Hock recommended Search Engine Watch (www.searchenginewatch.com) and Search Engine Showdown (www.notess.com) for making comparisons. Studies show that the number and depth of web sites indexed by each search engine varies. Every engine may retrieve unique, relevant information for a specific search. Meta-search engines like Vivisimo, DogPile, Meta Crawler, and Search.com provide only the top ten to 20 hits from any one search engine. For a search to be comprehensive, use several different engines and go directly to the search engines themselves.
In addition to indexing selectively, all of the most popular search engines have different proprietary ranking methods. But since all are relevance-ranking search engines, the number of items they retrieve is not nearly as important as the ranking order. The most relevant items should be in the first few screens. Hock got the biggest laugh when he reminded the audience that they are never obligated to look at every single item retrieved. All of these search engines have advanced search features, including Boolean logic, truncation, field searching, and phrase searching.
Hock acknowledged that Google is the favorite search engine because it allows searching for multiple formats (including PDF), indexes a large number of web sites, and factors popularity in its relevance ranking. Not even Google, however, will retrieve everything for a search-for example, its current news coverage is not as good as AllTheWeb. Google also does not offer features like truncation and the NEAR proximity operator, available on AltaVista. Finally, no search engine stays the same for long. The interface, ranking algorithms, advanced features, and depth of indexing may change without notice.
The hidden webChris Sherman and Gary Price, coauthors of The Invisible Web, revealed secrets of the hidden web. Expert searchers should not only search multiple search engines, they should also remember that valuable material is often not indexed by any search engine and available only if you know the URL.

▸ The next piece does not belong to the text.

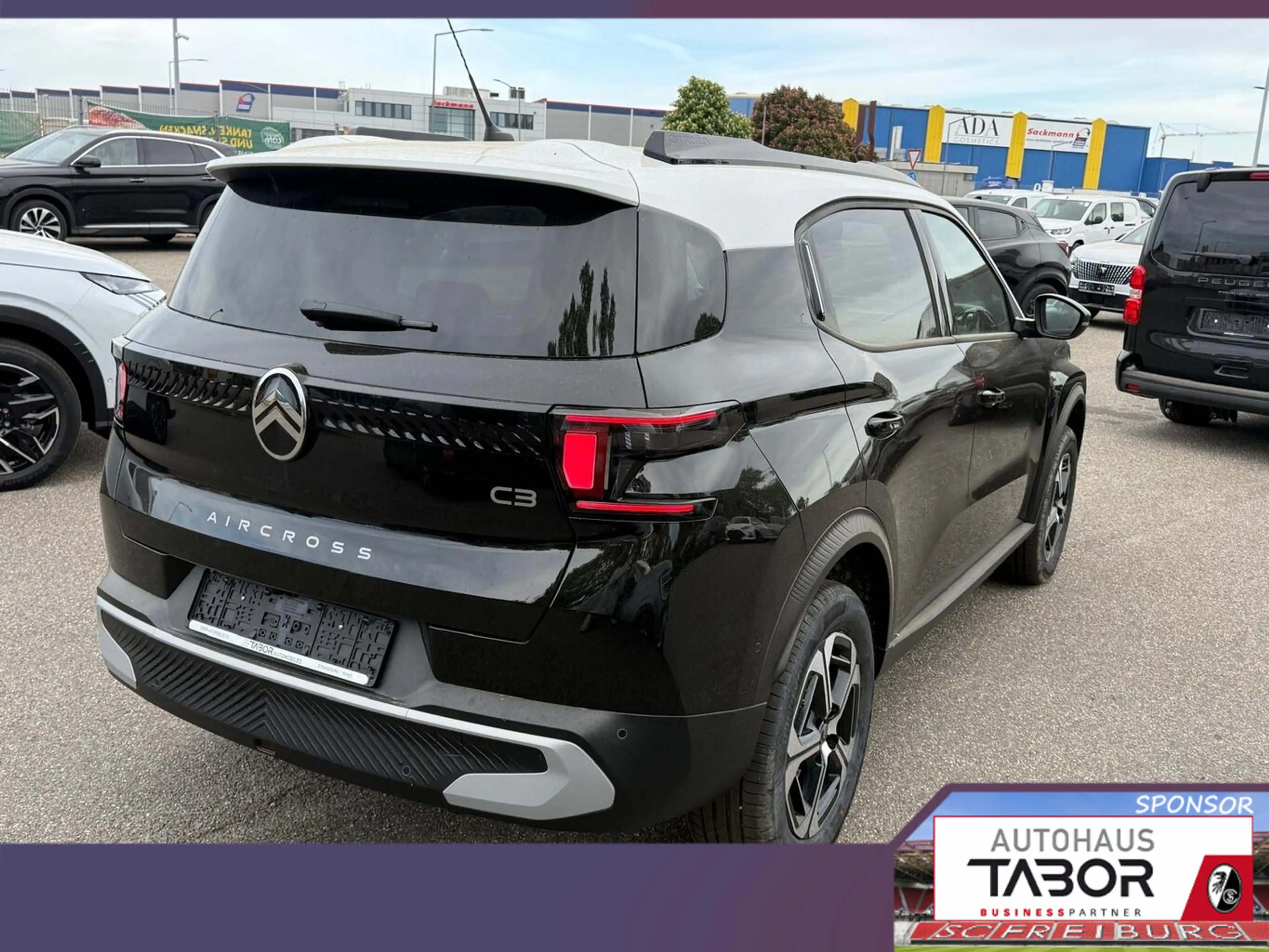 Citroen C3 Aircross Hybrid MAX 7S Nav Kam 2xPDC CarP 17Z — photo 3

Materials may be hidden because the producer has barred crawlers or failed to include sufficient metadata or for other reasons. Some examples of these so-called hidden or opaque web resources include materials from the U.S. House of Representatives and Congressional Research Service, videos from sources like PBS, and pages that are dynamically created from a customized search at a web site (such as the Census Bureau site).
Deception on the webAn eye-opening talk for all web searchers was 'Lies, Damn Lies, and the Internet' by Anne Mintz, director of knowledge management, Forbes, Inc. Mintz is the editor of Web of Deception: Misinformation on the Internet, available in September from CyberAge Books. Mintz showed web sites that purposely mislead. A Martin Luther King site, for example, appears legitimate but is actually the product of a white supremacist hate group. A site that mirrors the World Trade Organization (WTO) web site is actually put together by opponents of the WTO and includes purposely erroneous information.
Mintz gave tips to help searchers protect themselves from deceptive web sites. She recommends checking register.com to determine who owns the domain name; reviewing documented hoaxes or urban legends on www.snopes2.com; scrutinizing the language on a site for inappropriate words, vulgar language, or grammatical errors; and verifying everything in multiple sources. Clearly, the reference librarian's old rule of verifying with three sources is more important than ever in the web environment.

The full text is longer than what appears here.